L’etichettatura dei vini

L’etichettatura dei vini

By Redazione

Giovedì 11 giugno 2009 si è svolto all’Ampelion di Alba, la «cittadella del vino» albese, polo di ricerca, studio e attività nell’ambito enologico, il convegno
Denominazioni e varietà in etichetta promosso dall’Oicce – Organizzazione Interprofessionale per la Comunicazione delle Conoscenze in Enologia, in collaborazione con il Consorzio Tutela
Barolo Barbaresco Alba Langhe e Roero e il Corso di Laurea in Viticoltura ed Enologia dell’Università di Torino. Si sono discusse le questioni relative all’etichettatura dei vini: un
tema di grande attualità, considerate le significative novità introdotte dalla OCM Vino.

Claudio Rosso, Presidente del Consorzio Tutela Barolo Barbaresco Alba Langhe e Roero, ha illustrato al pubblico l’importante lavoro che ha portato a normare l’utilizzo in etichetta delle
menzioni geografiche aggiuntive dei vini di Langa, cioè l’indicazione dell’esatta provenienza delle uve.

Claudio Salaris, Direttore del Consorzio Tutela Barolo Barbaresco Alba Langhe e Roero, ha portato l’attenzione sui nomi dei vini intesi come marchi. Proprio in questi giorni il Consorzio,
grazie al decisivo contributo del Ministero, ha inoltrato le domande per ottenere la registrazione internazionale di Barbaresco e Barolo come marchi collettivi: uno strumento giuridico che
consentirà di salvaguardare le denominazioni in tutto il mondo, dato che il sistema delle DO (Denominazioni di Origine) non è riconosciuto al di fuori dell’Unione Europea.

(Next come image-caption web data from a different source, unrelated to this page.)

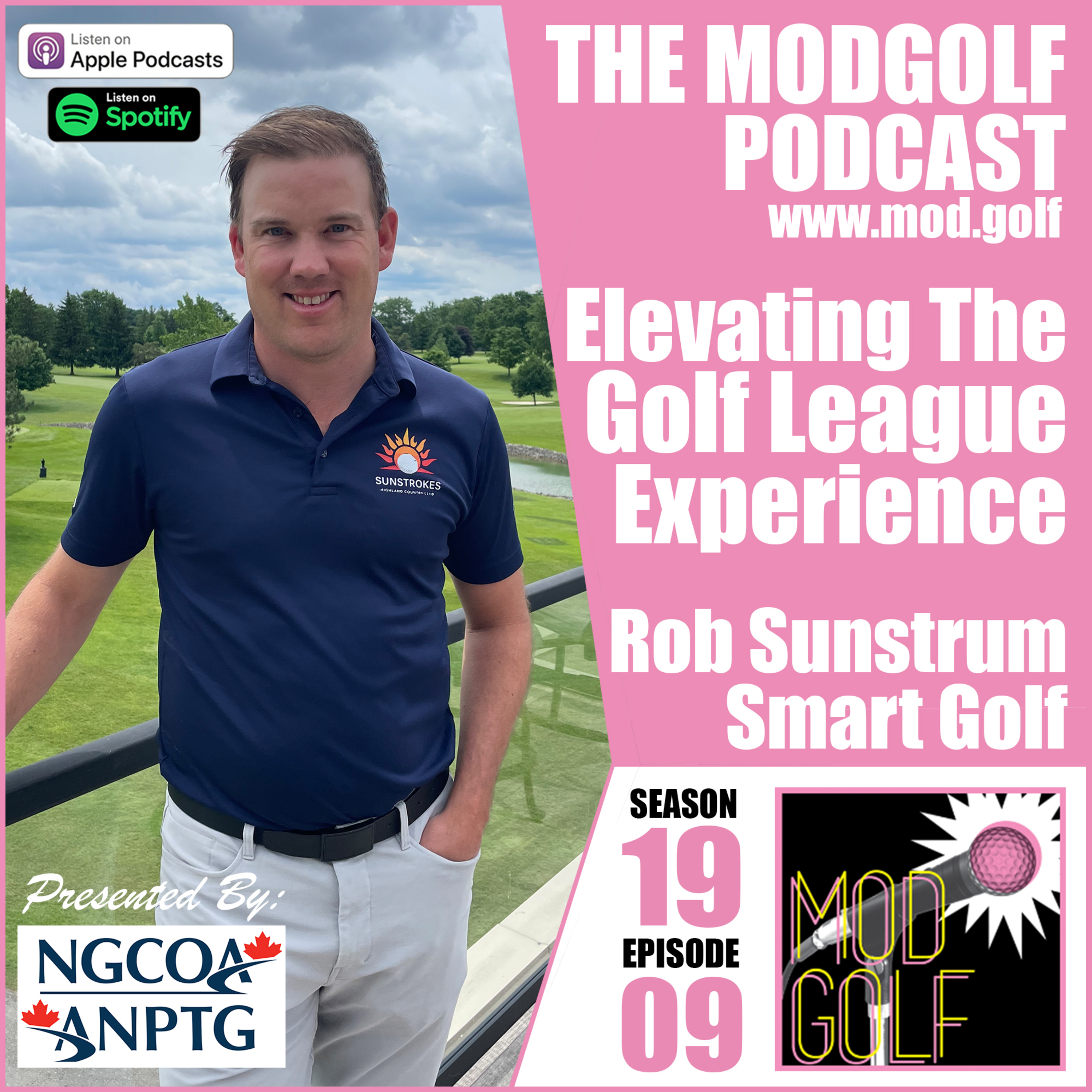 Elevating the Golf League Experience - Rob Sunstrum, Founder of Smart Golf episode artwork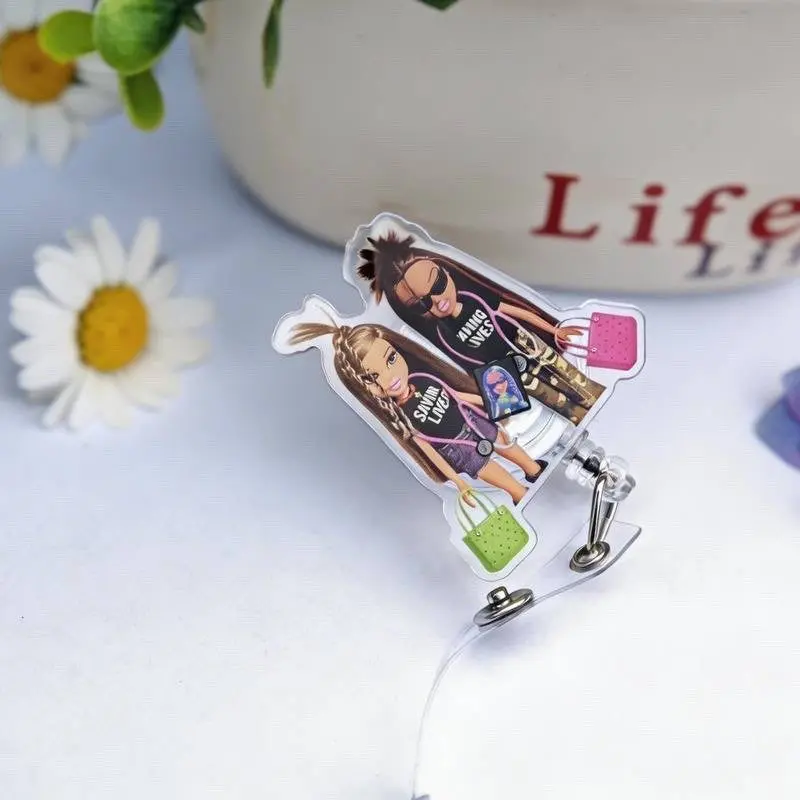 Cute Nurse Badge Reel Holder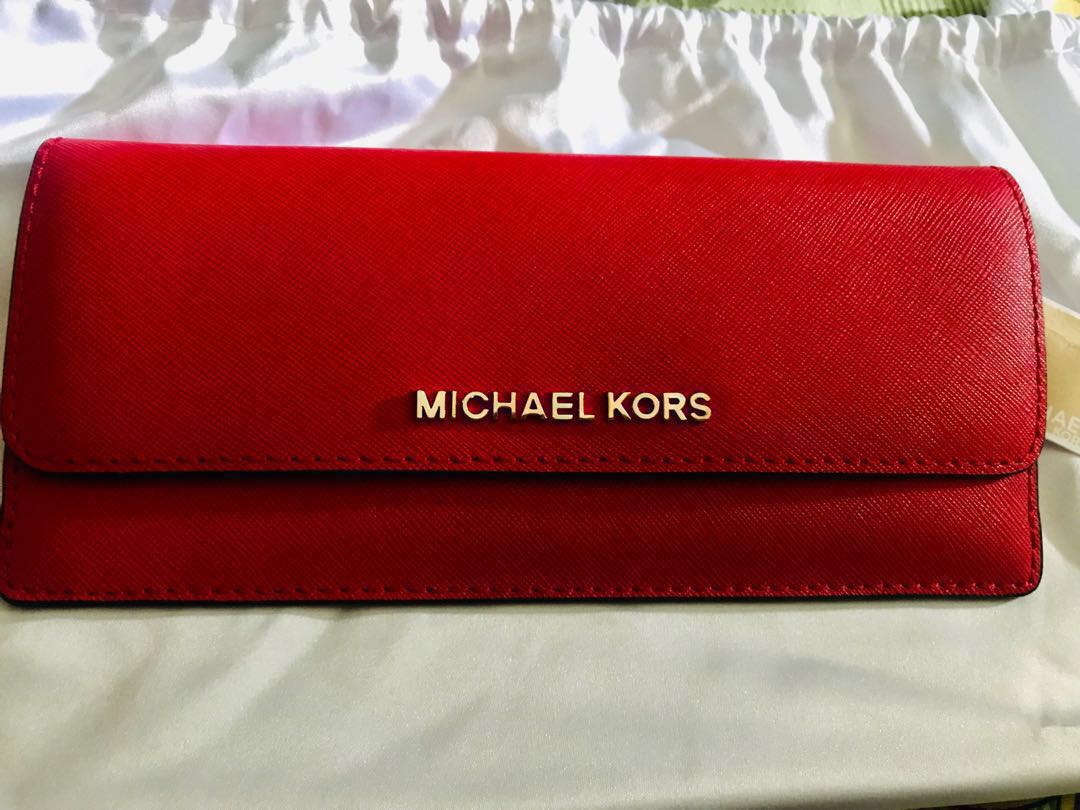 travel slim saffiano leather wallet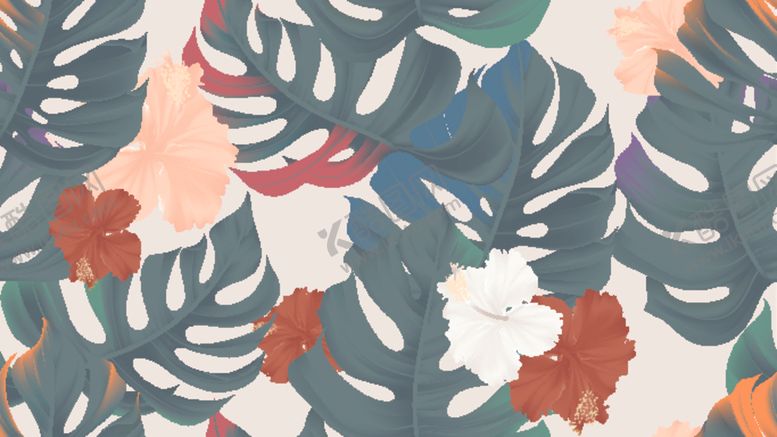 编号：16726009280341504003【酷图网】源文件下载-无缝叶子花纹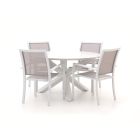 Bellagio Anzio/Lodola ø130cm dining tuinset 5-delig stapelbaar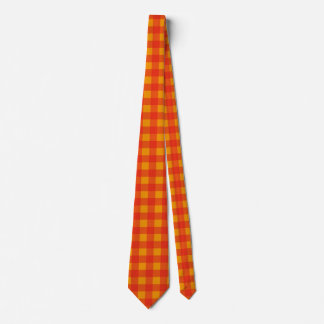 Cravate Vibrant dégradé rouge-orange et orange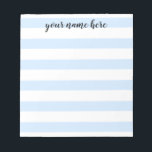 Blue Striped Personalized Notepad<br><div class="desc">Blue Striped Personalized Notepad</div>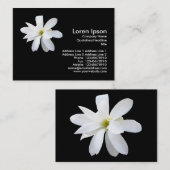 Carte De Visite Magnolia - Noir (Devant / Derrière)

Ad oggi i risultati delle azioni di contrasto ai tentativi di plagio e usurpazione di nomi di denominazioni condotte dal Consorzio con il sostegno del Ministero sono stati buoni in ambito
europeo: è di poche settimane fa la notizia che la ditta polacca BN Office Forniture che nel 2006 aveva cercato di registrare il marchio comunitario nominativo e individuale
«Barolo» per la produzione di mobili, specchi e cornici ha ritirato la sua richiesta all’UAMI (Ufficio Armonizzazione Mercato Interno: l’agenzia dell’Unione Europea competente per
la registrazione di marchi, disegni e modelli validi in tutti i 27 paesi della UE).